● **Dataset entries**:
################

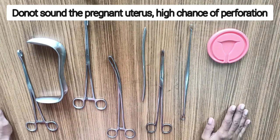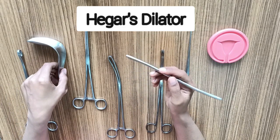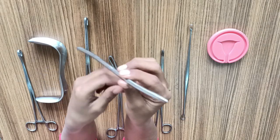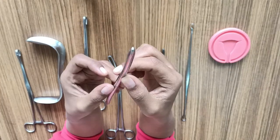Use the uterine sound only in gynae procedures, as in obstetric cases there are high chances of perforation. Moving on, to perform the dilatation of the cervix, we require a Hegar's double-sided dilator. It is a metallic rod that is round and slightly curved with a conical tip, and it has two ends with different sizes.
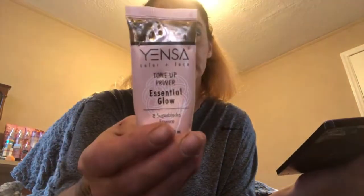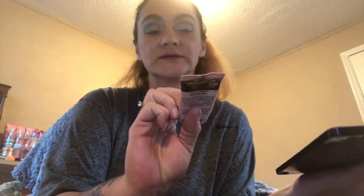I tried to go live and couldn't get it to work right, so here's a recap of everything. I used my ELF Poreless Putty Primer all over including my eyes. Actually, first I used the Yensa Color Face Tone Up Primer Essential Glow — I love it, gotta get more of it — then I used my ELF putty primer, even on my eyes.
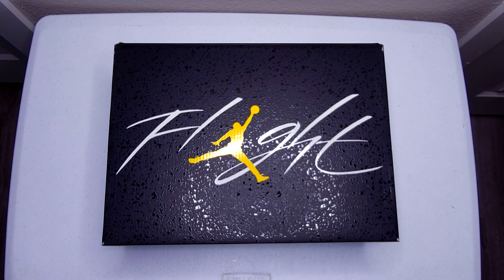What's up guys, your boy Freddie Kicks here showing you guys a new video. Today we'll be unboxing and reviewing the Air Jordan 4 Thunders.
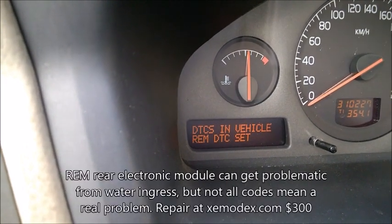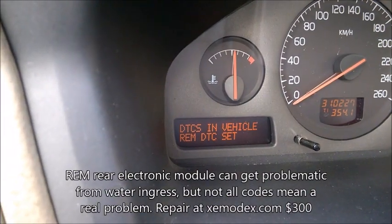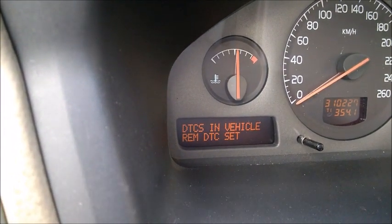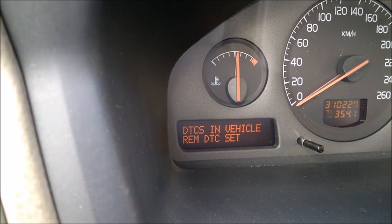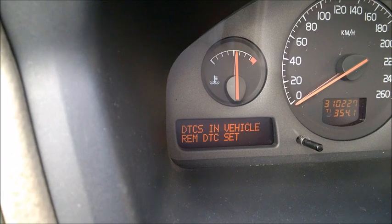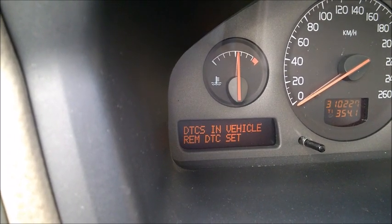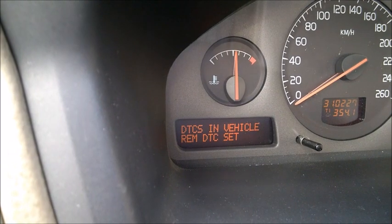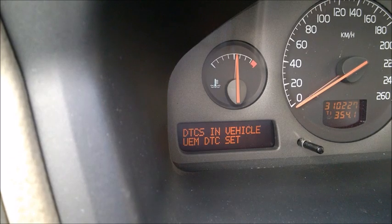REM is the rear electronic module - it's a panel with fuses in the trunk on the left side. It takes care of several electrical things: doors, rear doors, trunk, and brake lights. One of my rear doors was replaced, so maybe that's why it shows 'Set'.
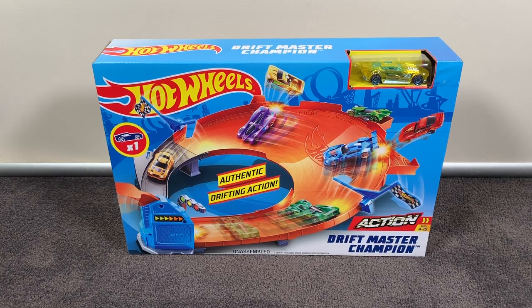Hey everyone, it's Chris here from the Hot Wheels Garage and today we're checking out the Drift Master Champion Hot Wheels set. So let's get straight into it and check it out.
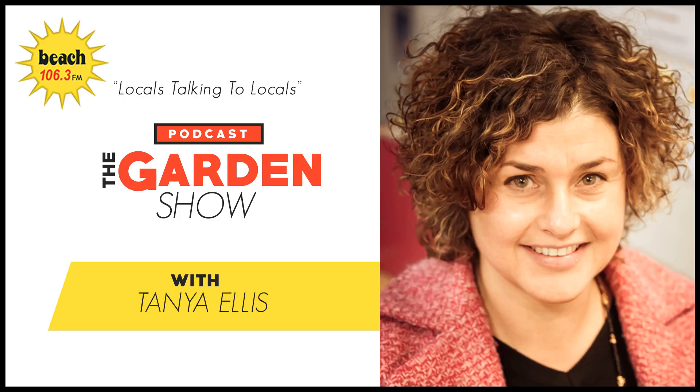Beach FM, locals talking to locals. Time to welcome back into the studio on a Monday afternoon, Hannah Swartz, Kapiti Coast District Council's Green Gardener.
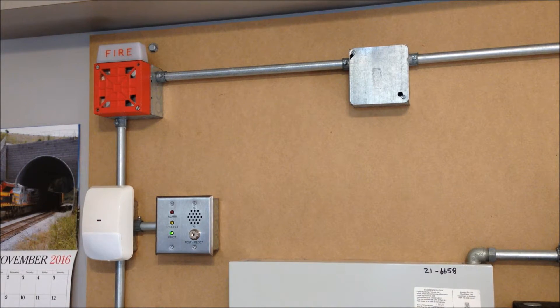Hey guys, welcome to System Test 24. This is going to be a pretty good day for all you 72002T fans, since if you watched my last System Test video, you'll remember I have the DMP panel running the NAC circuits right now to take advantage of the 12-volt bell circuit. That's allowed me to install my Wheelock 72002T-12 for the first time in a really long time.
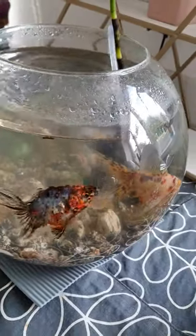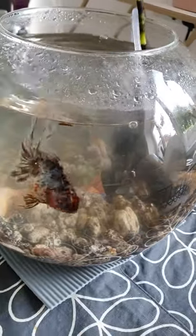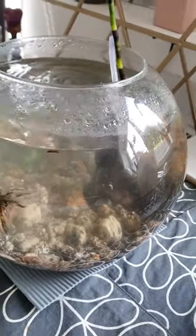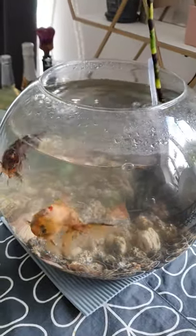They look fairly happy. They're eating, they're thriving, they're doing good. The water's crystal clear as well. I really like what I managed to pull off, and this is just a temporary home. We are going to get another outdoor pond but up on the patio — a raised pond.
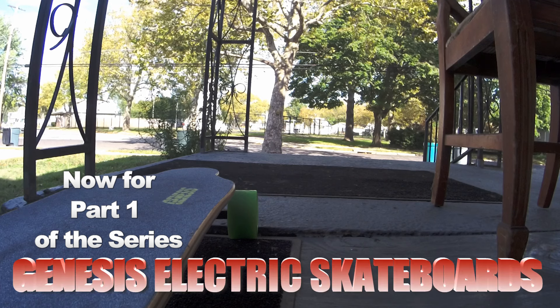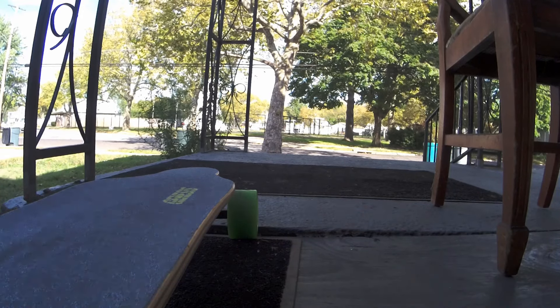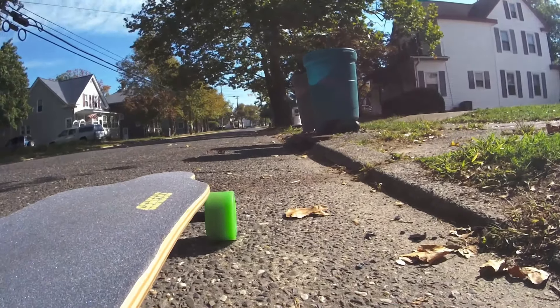I'm about ready to tell my story. I ordered the board, it took six weeks to get here, I got it, it wouldn't charge, I exchanged it for a new one. I got the new one, so I'm going to show the first time I got it and then move into when I got the new board, which just happened yesterday. Stay tuned, I have lots of information on this board.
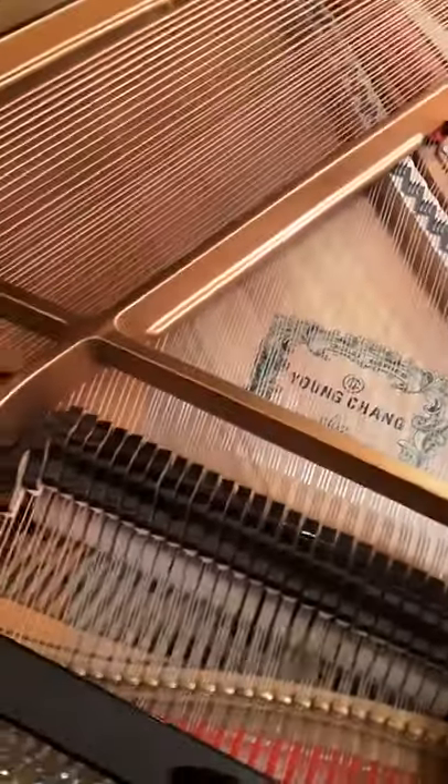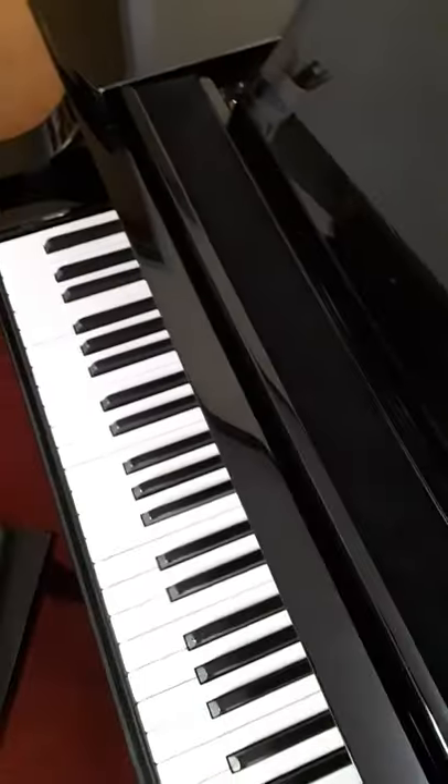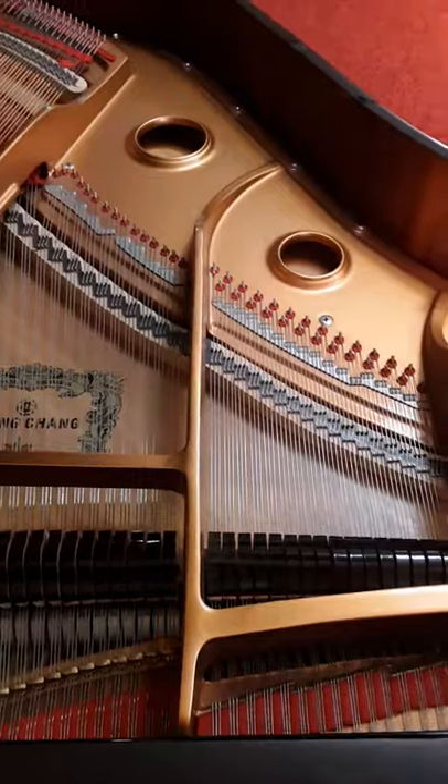And the last pedal, the one all the way on the left over there, all that pedal really does is make it a little bit quieter. You can also see it moves the keys a little bit. But that's pretty much it — pedals aren't that complicated.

################

● **What this task involves**: Return exactly the lines above, from the one with "Beach FM, locals" up to and including the one with "Hey guys, welcome", and include no pictures.

● **Solution for this task**:
Beach FM, locals talking to locals. Time to welcome back into the studio on a Monday afternoon, Hannah Swartz, Kapiti Coast District Council's Green Gardener.
Hey guys, welcome to System Test 24. This is going to be a pretty good day for all you 72002T fans, since if you watched my last System Test video, you'll remember I have the DMP panel running the NAC circuits right now to take advantage of the 12-volt bell circuit. That's allowed me to install my Wheelock 72002T-12 for the first time in a really long time.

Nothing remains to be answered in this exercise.